贾红天按住了她的肩膀,摇头道:“没有必要,天要下雨,娘要嫁人,这种事情,谁能挡得住呢?那保健冷饮,是我亲自调制的配方,别人就是化验也没有用。只是可惜了,让其他来买我们冷饮的人,买不到了。”
沈君傲急道:“那怎么办呀?我当时也没想那么多……”
什么女警呀?脱掉了警服,她就是一个跟张若兮、唐子瑜般大的女孩子。
贾红天微笑道:“没事,我们现在就调制,若兮、子瑜,你俩也过来帮忙。”
这种事情,还能难得到贾红天吗?原材料什么的都有,不到两个小时的时间,新一批的保健冷饮就都调制好了。贾红天打了个响指,做了个“ok”的手势,搞定。现在,已经是下午四点多钟了,街道上的行人也陆陆续续地多了起来,生意又开忙了。

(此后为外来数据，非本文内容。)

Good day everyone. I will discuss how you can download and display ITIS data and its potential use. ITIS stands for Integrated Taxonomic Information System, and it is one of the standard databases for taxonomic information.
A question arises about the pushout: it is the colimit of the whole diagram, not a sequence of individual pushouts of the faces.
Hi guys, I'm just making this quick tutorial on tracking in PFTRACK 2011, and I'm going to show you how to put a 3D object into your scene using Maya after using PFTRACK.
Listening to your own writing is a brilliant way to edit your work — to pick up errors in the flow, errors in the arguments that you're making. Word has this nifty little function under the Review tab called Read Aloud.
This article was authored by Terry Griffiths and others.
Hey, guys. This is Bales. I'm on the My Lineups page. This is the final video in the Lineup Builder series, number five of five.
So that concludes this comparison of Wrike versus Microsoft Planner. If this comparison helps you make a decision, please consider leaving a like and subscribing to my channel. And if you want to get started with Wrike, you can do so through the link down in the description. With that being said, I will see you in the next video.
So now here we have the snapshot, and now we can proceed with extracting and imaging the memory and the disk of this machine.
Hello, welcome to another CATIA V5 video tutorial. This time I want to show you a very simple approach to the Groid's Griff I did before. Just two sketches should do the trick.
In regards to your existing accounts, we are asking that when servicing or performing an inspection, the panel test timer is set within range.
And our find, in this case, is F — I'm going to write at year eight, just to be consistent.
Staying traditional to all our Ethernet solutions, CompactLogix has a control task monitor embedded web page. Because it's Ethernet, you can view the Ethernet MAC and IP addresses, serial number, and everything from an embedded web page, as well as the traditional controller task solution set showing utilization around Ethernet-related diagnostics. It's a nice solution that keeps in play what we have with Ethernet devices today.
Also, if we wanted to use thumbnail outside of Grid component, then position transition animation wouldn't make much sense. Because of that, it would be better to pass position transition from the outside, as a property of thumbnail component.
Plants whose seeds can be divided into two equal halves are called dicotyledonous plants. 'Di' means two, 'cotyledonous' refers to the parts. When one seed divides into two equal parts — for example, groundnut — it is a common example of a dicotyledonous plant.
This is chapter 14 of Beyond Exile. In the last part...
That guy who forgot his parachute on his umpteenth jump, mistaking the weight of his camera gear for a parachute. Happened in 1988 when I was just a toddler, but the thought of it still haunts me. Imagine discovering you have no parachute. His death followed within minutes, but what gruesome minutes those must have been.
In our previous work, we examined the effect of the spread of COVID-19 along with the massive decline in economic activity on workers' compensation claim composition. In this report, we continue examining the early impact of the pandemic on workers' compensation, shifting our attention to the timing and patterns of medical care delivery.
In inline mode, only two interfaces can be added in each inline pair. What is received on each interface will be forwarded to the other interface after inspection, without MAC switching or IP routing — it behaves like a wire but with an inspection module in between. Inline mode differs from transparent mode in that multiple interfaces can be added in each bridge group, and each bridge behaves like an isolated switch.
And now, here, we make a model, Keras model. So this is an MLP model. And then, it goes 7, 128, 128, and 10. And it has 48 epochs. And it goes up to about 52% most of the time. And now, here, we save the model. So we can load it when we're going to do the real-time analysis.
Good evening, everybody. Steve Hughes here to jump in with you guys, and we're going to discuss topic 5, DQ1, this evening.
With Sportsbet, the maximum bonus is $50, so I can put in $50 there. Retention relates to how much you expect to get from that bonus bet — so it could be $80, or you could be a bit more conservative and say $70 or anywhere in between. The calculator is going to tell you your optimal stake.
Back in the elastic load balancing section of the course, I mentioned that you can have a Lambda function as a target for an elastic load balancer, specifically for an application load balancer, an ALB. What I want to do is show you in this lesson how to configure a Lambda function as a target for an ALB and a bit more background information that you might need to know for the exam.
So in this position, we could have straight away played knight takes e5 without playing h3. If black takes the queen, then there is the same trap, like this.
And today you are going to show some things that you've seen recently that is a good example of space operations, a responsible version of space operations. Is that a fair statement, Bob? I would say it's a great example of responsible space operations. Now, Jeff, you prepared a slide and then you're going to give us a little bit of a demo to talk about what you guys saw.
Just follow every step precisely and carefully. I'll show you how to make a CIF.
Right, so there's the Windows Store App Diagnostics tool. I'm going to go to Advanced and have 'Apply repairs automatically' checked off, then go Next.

张若兮和唐子瑜忙着照看着店里的生意,沈君傲的手机铃声突然响了,她接通了电话,脸上就阴冷了下来,沉声道:“好,我今天晚上肯定过去。”
贾红天很是随意的问道:“怎么了?”
“没怎么,晚上有个案子。”278211
“看你的表情,案情好像是挺严重啊?咱们是在一起住着的,也算是自己人,有什么事情不能明说的?兴许,我还能帮上什么忙。”
沉吟了一下,沈君傲问道:“你还记得大金牙吧?我接到了线报,他的水云间酒吧今天晚上又有新一批的女孩子被带了回来,一样是被关押在四楼的那间暗室中。这次,我是说什么都不能让他逍遥法外了,一定亲手抓走他。”
“当然可靠了,我救过她。”
贾红天淡淡道:“那你晚上,会有多少人跟你一起去?”
沈君傲道:“就我自己,我不能再让大张和老李受我的牵连了。这件事情,要是让杨局知道了,他也会为难,所以,我决定自己单独行动。”
“我不怕,只要是能抓到大金牙等人,剿灭了这个魔窟,我什么都不怕。”
她的一身正气,让贾红天很是感动,同时,心里却在摇头苦笑。姑且不说这个线报是真的假的,以她一己之力,又岂能将大金牙等人绳之以法?有些时候,法律是很难约束到他们,到这个时候,需要的是一种黑暗法则。
而贾红天,就希望成为这个黑暗法则的实施者。不是因为别的,因为沈君傲是跟他住在一起的,因为他昨天晚上掉了钥匙,因为他看到了……就忘不掉了。
贾红天把手搭在了她的肩膀上,微笑道:“我陪你去。”
就是这么简简单单的几个字,却让沈君傲的芳心一颤。真正的朋友,不是在酒桌上的,而是在你身处于危难之中,他肯伸手拉你一把的。沈君傲有些抵挡不住贾红天灼灼的眼光,连忙将眼睛落到了一边,摇头道:“不行,太危险了。你是普通市民,没有这个义务。”
贾红天摇头道:“你错了,我不是普通市民,我是你的朋友。”
前半夜,我想你,想你想的睡不着觉。
后半夜,我想你……天又亮了。
什么是情话?
如果你再跟女孩子说什么我爱你,你是我的心肝儿,你是我的肺;你是我的大肠,你是我的肚儿,那也太落伍了点儿。真正的情话,是要感动她,就像是贾红天这样,三言两语,沈君傲有些承受不住了。
我是你的朋友!
自从华东军区当兵退役归来,沈君傲就一头埋在了事业中,仅有的两个朋友,就是张若兮和唐子瑜。而男朋友?陆剑飞不能算是,她已经对他谈不上任何的感情了,剩下的只有厌恶。
可是现在,她又多了一个朋友,还是一个男朋友……哦,是男性的朋友。
沈君傲很感动,她紧咬着嘴唇道:“贾红天,我明白你的心思,可是,这种事情,我不能让你以身涉险……”
“你这是关心我吗?”
“你……”
三两句话就不上正道,却是冲淡了二人中间的沉闷、紧张气氛,沈君傲瞪了贾红天两眼,哼哼道:“鬼才关心你,你少往自己的脸上贴金。”
贾红天道:“不关心的反义词,就是恨,既然你恨我,我的死活,你就更不应该去管了。你要是管了,你就是关心我。”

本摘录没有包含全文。